[Data provided]:
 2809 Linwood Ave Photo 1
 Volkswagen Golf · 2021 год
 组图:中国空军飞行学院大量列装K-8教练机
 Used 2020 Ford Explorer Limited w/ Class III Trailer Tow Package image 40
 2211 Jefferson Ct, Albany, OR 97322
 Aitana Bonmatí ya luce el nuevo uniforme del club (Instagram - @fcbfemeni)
==
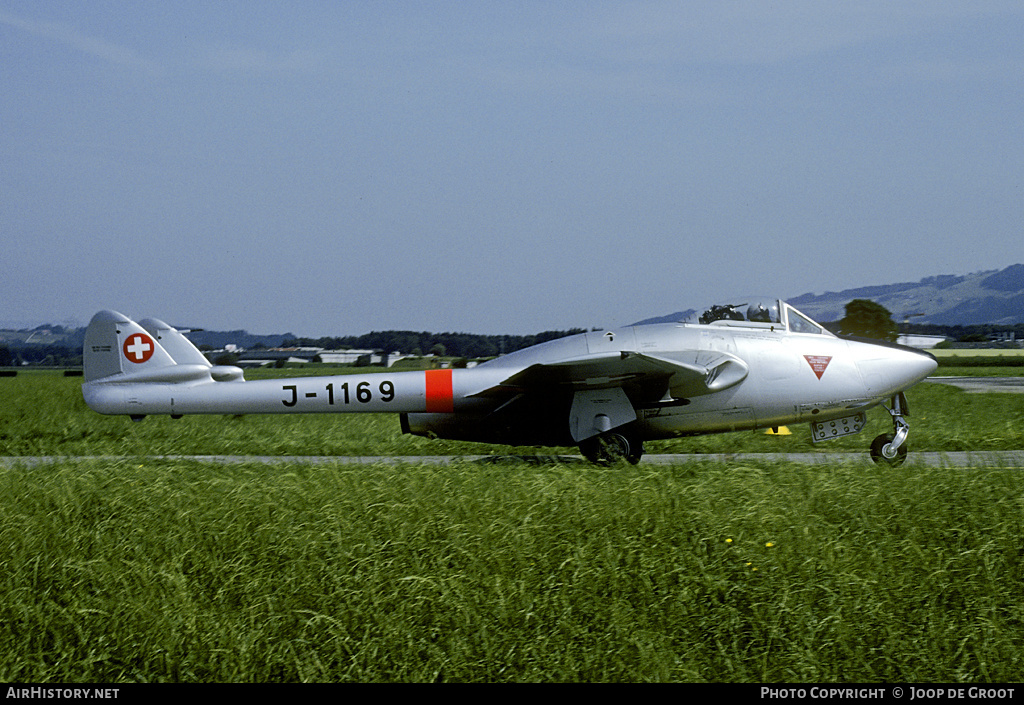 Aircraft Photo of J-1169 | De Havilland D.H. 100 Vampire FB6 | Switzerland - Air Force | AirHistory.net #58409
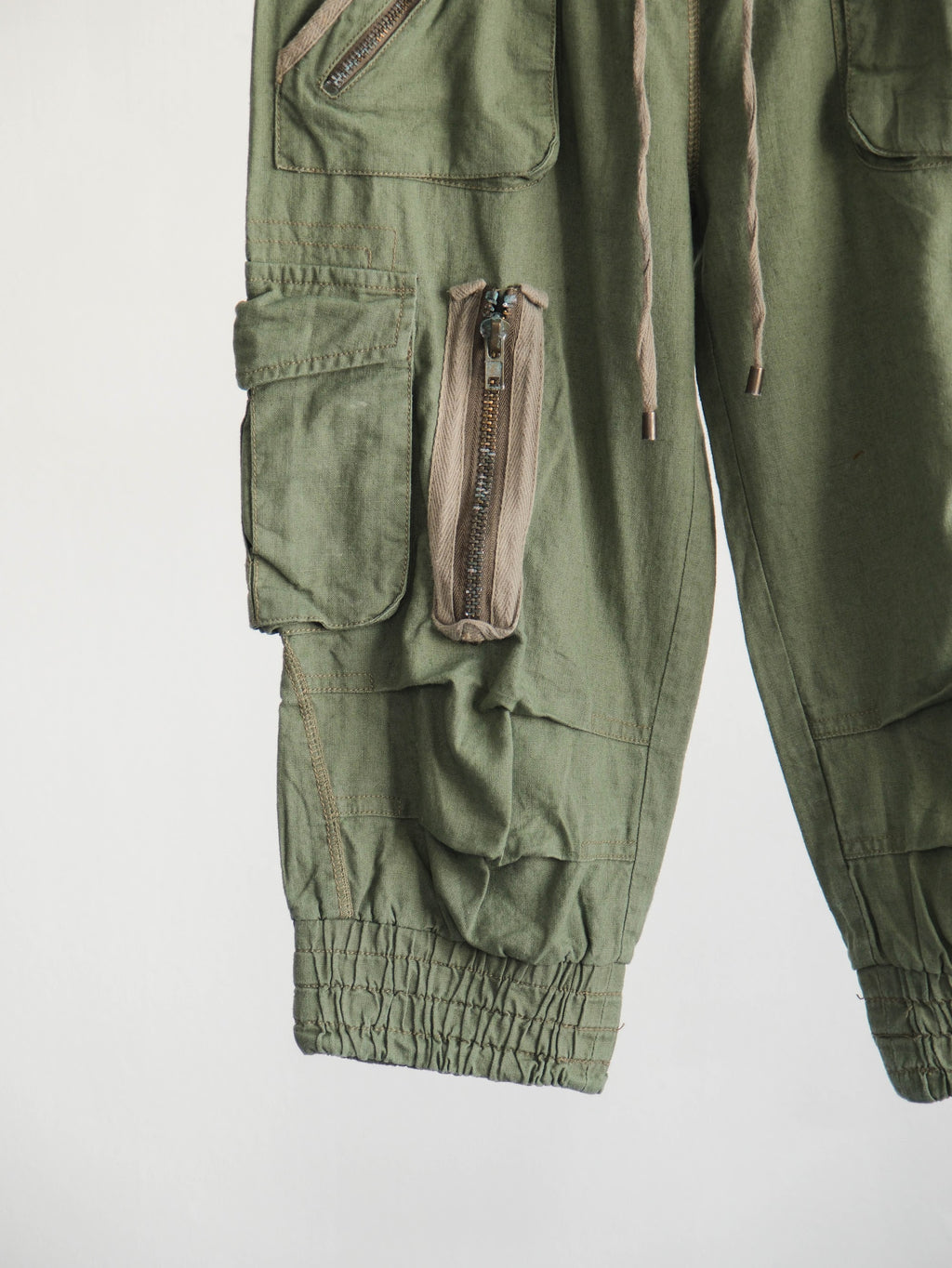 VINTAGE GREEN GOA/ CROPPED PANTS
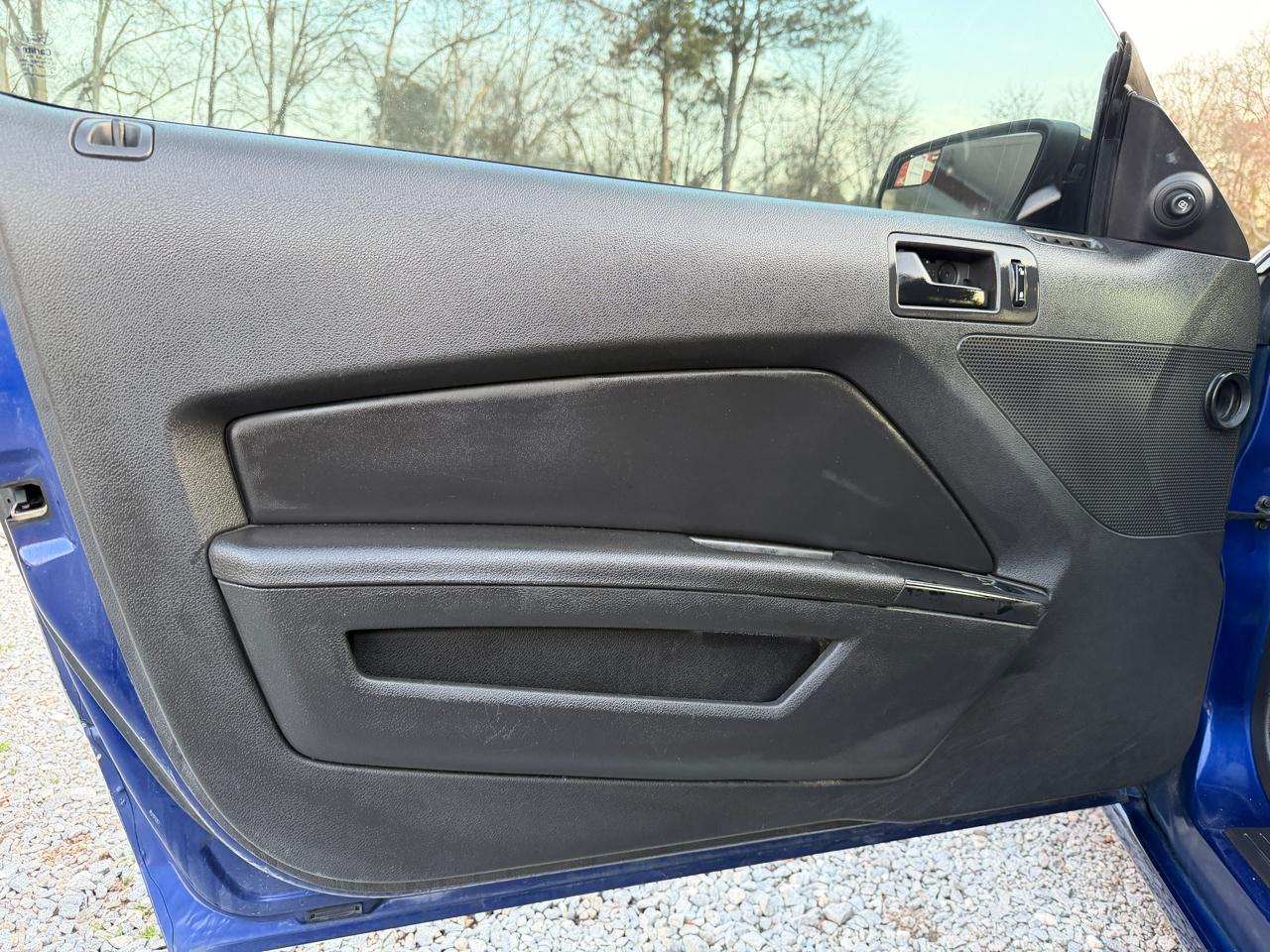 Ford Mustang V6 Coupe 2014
---
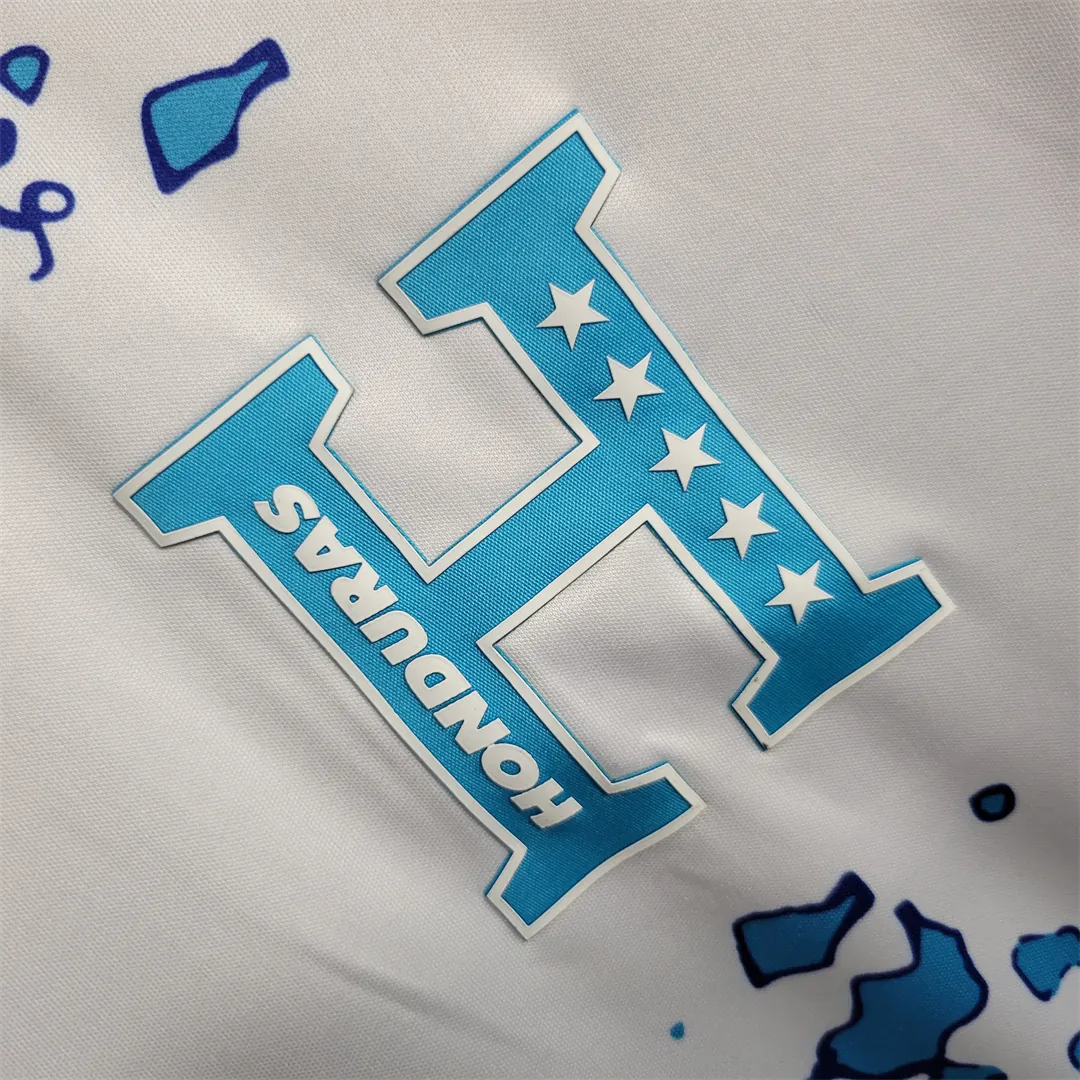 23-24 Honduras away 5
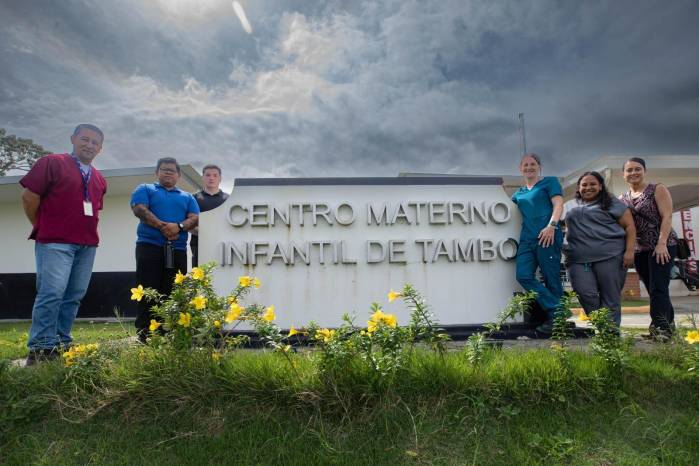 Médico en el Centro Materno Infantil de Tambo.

[Task]: In your answer, include only the lines above starting at the line that holds "Used 2020 Ford" and ending at the line that holds "Aitana Bonmatí ya", copied exactly.

[Solution]:
 Used 2020 Ford Explorer Limited w/ Class III Trailer Tow Package image 40
 2211 Jefferson Ct, Albany, OR 97322
 Aitana Bonmatí ya luce el nuevo uniforme del club (Instagram - @fcbfemeni)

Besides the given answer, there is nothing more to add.